We abseiled back down the slab, but I took a different line to Chris as i had wanted to check out my E5 project. I wasn't going to, I was contemplating the onsight, but curiosity got the better of me. In short, I abbed the route, surveying the top section, roofs, pro locations and the moves. A more detailed write up will follow this post shortly. But needless to say, I'm pretty glad I've blown the onsight.
We headed off to the other side of the quarry now, to the 'Glacis'. My favourite route of the quarry 'Glacial point (E4 5c) was, in my mind, a good route to get Chris to second, or even top rope to get him used to trusting his feet. I geared up, literally only taking a few micros, and a half set of nuts for the top crack, plus about 4 quickdraws and a sling. (this rack is huge compared to an E2 I did later!). I started off, struggling to get off the ground at first, but made it to the micro placements and the first crux, where I preceded to place DMM Offsets size 0 + 2 and a DMM IMP size 2.
I managed to flow through the crux moves to reach the small overlap at 8m, the second crux. I made a very silly mistake, in which the outcome was a ground fall. The micros had held but it was the slack in the rope that made me hit the deck, but softly may I add. I got back on and sailed up to my original position at the overlap. But again, I took flight. This time however, was a different story.
As I slid down the smooth, grey limestone, I inverted. Now facing away from the crag. Taking the fall like a children's park slide. I was soon to find out, when the rope came tight, that it had wrapped behind my leg. The shock was sudden and the pain soon followed. I was wearing my life line like an Ann Summers thong. Needless to say, the micros held.

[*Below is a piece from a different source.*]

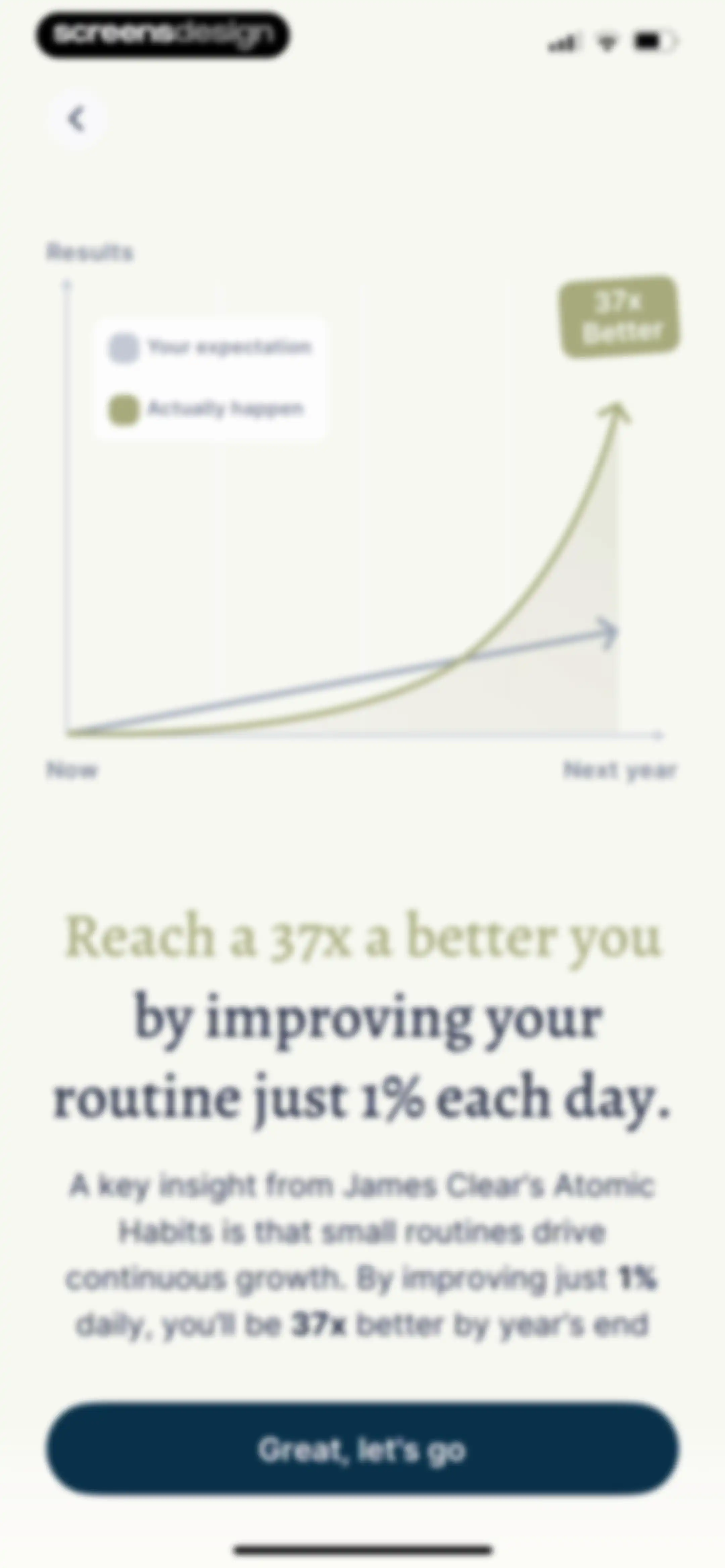 TeddyCare: Daily Routine Plan screen 38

After this ordeal, we headed away from the Glacis and ventured back into the quarry for one last climb. I decided on an E2 5b called 'Grow your Own Weekend'. the guide book described it as 'A bold eliminate' and that the first piece of gear was at 7m, on a 12m climb. So I roped up, and soloed the climb. Right up to the crack at 7m where I decided that a fall from here will end up in a painful ground. So with all my gear, still on my rucksack, I asked Chris to send up a cam. The cam placed well, I didn't fall, and the climb was onsighted.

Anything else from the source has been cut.